I woke up from my reverie and looked around. I was in the officer’s quarters on the Mao. I had managers whose motives I did not understand yet, but whose judgement seemed sound. I would accept their orders until I saw strong reasons to do otherwise. I had a team of like-minded colleagues who were all looking to me for guidance. We lacked mobility, but that could be arranged. We lacked good communications, but had good tools to start with. We lacked the small army of agents needed to investigate problems and effect changes, but I knew where to get them.
Toyami and Marin had gathered around me, looking concerned. Leilani and Sergei were right behind them. Leilani asked, “What are you thinking? You look different. The whole set of your face looks different.”
I smiled, perhaps a little grimly. “I do not know how we are going to do it, but I think I know what we have to do.”
2357-03-04 00:00
Proposal
My face might have been clear and purposeful, but my mind was furiously trying to review all the things I was supposed to be doing:
Huddle with Leilani over lunch (rats, already past)
Interrogate Sailor Matma Krishnamurti – probably in the brig on the ESDENG already
Discuss operational procedures
Flesh out the list of issues
Find the true identity of Mindy
Follow-up on the maintenance workers who repaired the Fairy Dust
Follow-up on the cargo handlers
Identify the origin of the nuclear weapons on both the Fairy Dust and the false Hanuman
The list spun on and on, getting more detailed as it went, but much of it was grunt work that I no longer had the time to do.
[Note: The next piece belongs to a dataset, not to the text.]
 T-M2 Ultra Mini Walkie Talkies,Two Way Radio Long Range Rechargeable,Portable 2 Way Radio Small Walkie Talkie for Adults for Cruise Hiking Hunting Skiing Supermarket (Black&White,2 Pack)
I needed to focus on immediate priorities and to delegate responsibilities. First, apologize to Leilani, then address the group about operational procedures – strike that – about deep cover and procedures for cla
ndestine operations.
“Doctor Toyami, Agent Chou, you both are charged with keeping me sane and humane. I fear I am going to need your services more than I had anticipated over the next few months. Leilani, we were supposed to have a private discussion over lunch and I am afraid it got pre-empted by the Hanuman.”
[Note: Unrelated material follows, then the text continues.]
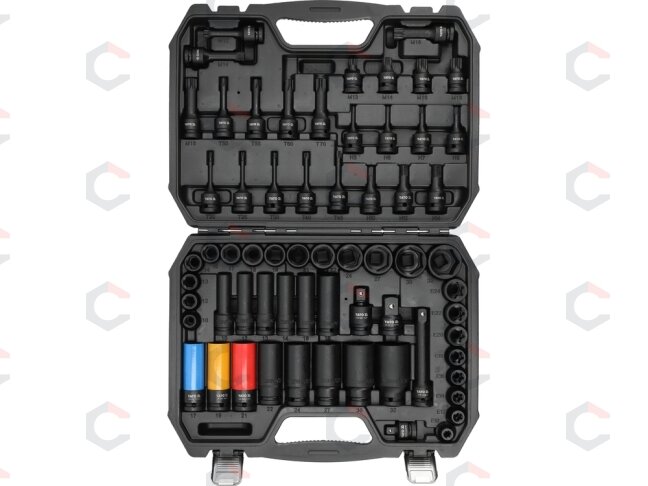 Smūginių galvučių ir antgalių rinkinys | 1/2" | su adapteriais | 64 vnt | 10 - 32 mm (YT-10260)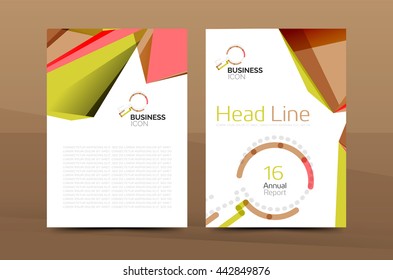 A4 front page business identity for annual report, Corporate brochure leaflet and abstract geometric background with headline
She still was watching me somewhat warily. Even in my own ears, I did not sound like me, not even the me who managed to escape from Mars. She nodded and replied, “Yeah, but I forgive you. I knew what we had to do as soon as we recognized the ship’s model, but still could not tear myself away. And probably just as well. Who was that woman, and was she the body they found on the derelict? Why was anyone on the derelict, knowing it contained a bomb that would certainly be triggered when the ship reached its destination, and why then did she die en route? Did that ship even swing past Tantalus? Why is everything so bloody weird?”
“Welcome to Mars,” Sergei interjected. “Nothing ever makes sense in isolation with Martians. There are always five different factions with conflicting motives cooperating on each detail, and I was rarely able to find an overall plan. It was always a wonder to me that they could buy food, flush their sewers, or build homes, yet somehow it seemed to happen. Maybe the Imperium will bring some rationality to Mars. At least there will only be one madman on top.”